Müslümanların ardışık hareketlenmelerine dönük bu kasıtlı çarpıtmaya karşılık aşağıdaki gerçekleri açıklarız:

1- Tunus halkından olan Müslümanlar, diğer guruplar kapsamındaki küçük bir gurup değillerdir. Bilakis onlar, İslam'ı Kuzey Afrika ile Endülüs'e yaymak için bu tayyib ülkeden çıkan fatih sahabelerin ve mücahit komutanların torunları olan bu ülkenin halkıdırlar. Nitekim bugün, kafir Batılı kültürle boyanmış, sömürgeci kafirin kucaklarında yetişmiş, kendilerini Allah yolundan alıkoyan ve onu eğriltmek isteyenlerin ayakları altında aşağılık hizmetçiler yapmış az bir gurubun dışında yeniden İslam onların talepleri ve emelleri olmuştur.

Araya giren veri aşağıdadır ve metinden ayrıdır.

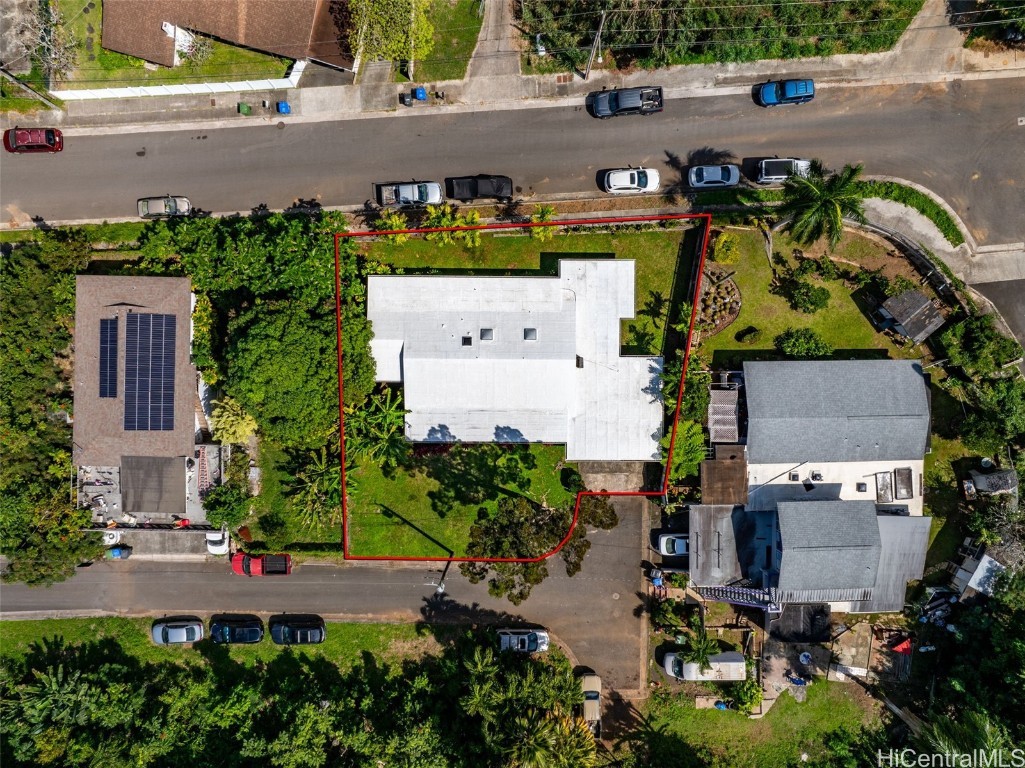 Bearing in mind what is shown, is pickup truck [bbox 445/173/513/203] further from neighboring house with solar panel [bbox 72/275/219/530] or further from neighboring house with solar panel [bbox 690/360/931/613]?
neighboring house with solar panel [bbox 690/360/931/613]

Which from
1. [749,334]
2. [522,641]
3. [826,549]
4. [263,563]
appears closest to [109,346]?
[263,563]

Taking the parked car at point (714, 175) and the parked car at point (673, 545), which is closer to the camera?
the parked car at point (714, 175)

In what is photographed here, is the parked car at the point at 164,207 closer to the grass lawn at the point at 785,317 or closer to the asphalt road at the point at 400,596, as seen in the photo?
the asphalt road at the point at 400,596

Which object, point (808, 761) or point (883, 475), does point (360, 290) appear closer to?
point (883, 475)

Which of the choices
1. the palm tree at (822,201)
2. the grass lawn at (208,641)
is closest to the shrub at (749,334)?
the palm tree at (822,201)

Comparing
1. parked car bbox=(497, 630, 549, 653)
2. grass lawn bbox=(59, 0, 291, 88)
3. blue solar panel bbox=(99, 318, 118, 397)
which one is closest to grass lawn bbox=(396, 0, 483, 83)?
grass lawn bbox=(59, 0, 291, 88)

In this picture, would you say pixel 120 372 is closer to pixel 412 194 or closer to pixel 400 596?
pixel 412 194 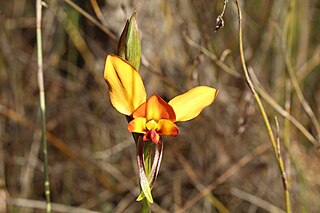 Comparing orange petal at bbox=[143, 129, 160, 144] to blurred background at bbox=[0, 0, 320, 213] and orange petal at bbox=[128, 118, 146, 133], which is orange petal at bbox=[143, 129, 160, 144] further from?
blurred background at bbox=[0, 0, 320, 213]

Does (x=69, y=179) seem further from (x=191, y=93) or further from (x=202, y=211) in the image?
(x=191, y=93)

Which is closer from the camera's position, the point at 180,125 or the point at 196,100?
the point at 196,100

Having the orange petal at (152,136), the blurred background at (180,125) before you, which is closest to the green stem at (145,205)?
the orange petal at (152,136)

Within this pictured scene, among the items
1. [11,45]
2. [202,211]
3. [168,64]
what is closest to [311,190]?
[202,211]

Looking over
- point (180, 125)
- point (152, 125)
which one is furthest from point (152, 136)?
point (180, 125)

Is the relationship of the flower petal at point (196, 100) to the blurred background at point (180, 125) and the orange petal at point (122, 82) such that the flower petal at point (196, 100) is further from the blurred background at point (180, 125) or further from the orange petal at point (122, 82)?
the blurred background at point (180, 125)

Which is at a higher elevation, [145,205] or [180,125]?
[180,125]

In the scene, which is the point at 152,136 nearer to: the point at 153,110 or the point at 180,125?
the point at 153,110

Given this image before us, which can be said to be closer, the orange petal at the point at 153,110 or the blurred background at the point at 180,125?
the orange petal at the point at 153,110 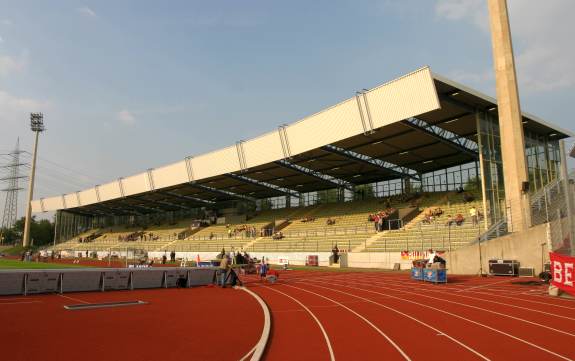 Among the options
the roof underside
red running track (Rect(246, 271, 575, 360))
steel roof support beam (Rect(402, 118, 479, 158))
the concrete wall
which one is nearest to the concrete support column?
the roof underside

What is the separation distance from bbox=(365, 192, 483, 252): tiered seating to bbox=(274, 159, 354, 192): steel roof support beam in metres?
11.3

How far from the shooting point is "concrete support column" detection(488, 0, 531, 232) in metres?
24.7

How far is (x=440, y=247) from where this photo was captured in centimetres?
2889

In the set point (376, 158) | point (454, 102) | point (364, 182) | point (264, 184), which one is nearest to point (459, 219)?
point (454, 102)

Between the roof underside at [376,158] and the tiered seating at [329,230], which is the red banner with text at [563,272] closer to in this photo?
the roof underside at [376,158]

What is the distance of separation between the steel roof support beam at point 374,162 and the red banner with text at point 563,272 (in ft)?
70.4

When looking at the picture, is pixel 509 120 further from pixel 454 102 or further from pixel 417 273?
pixel 417 273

2- İslam'ın tatbik edilmesi, sadece insanların ekseriyetinin onayının şart olduğu bir talep değildir. Bilakis o, onlara Muhammed [Sallallahu Aleyhi ve Sellem]'i Kur'an-il Kerim ve sünnet-il mutehhara ile gönderen, ona Allah'ın kendisine indirdiklerinin tamamını tatbik etmesini, onunla hükmetmesini ve hayatın işlerinden herhangi birinde ondan başkasıyla hükmetmemesini emreden insanların yaratıcısı ve maliki Allahuteala'nın bir farzıdır. Nitekim Allahuteala, şöyle buyurmuştur:

إِنَّا أَنزَلْنَا إِلَيْكَ الْكِتَابَ بِالْحَقِّ لِتَحْكُمَ بَيْنَ النَّاسِ بِمَا أَرَاكَ اللّهُ"İnsanlar arasında, Allah'ın Sana gösterdiği şekilde yönetesin diye sana kitabı hak ile indirdik." [en-Nisâ 105]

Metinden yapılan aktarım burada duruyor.